= Your objective =
Using the entries that follow, write out the line containing "Đầm hở lưng đính tùng váy", the line containing "la Seine, Objets", and every line between them, exactly and nothing else.

= Input material =
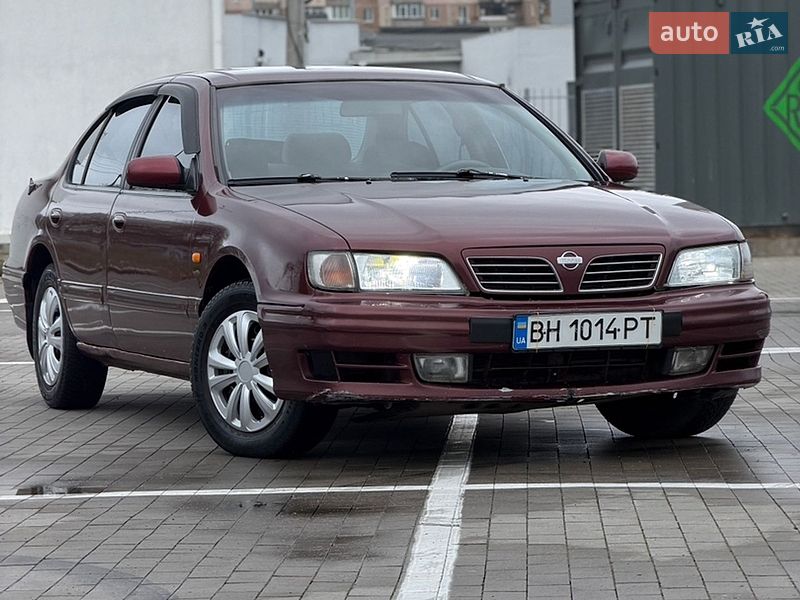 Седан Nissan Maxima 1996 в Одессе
...
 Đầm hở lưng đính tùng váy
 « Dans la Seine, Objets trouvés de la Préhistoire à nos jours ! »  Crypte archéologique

= Solution to the exercise =
 Đầm hở lưng đính tùng váy
 « Dans la Seine, Objets trouvés de la Préhistoire à nos jours ! »  Crypte archéologique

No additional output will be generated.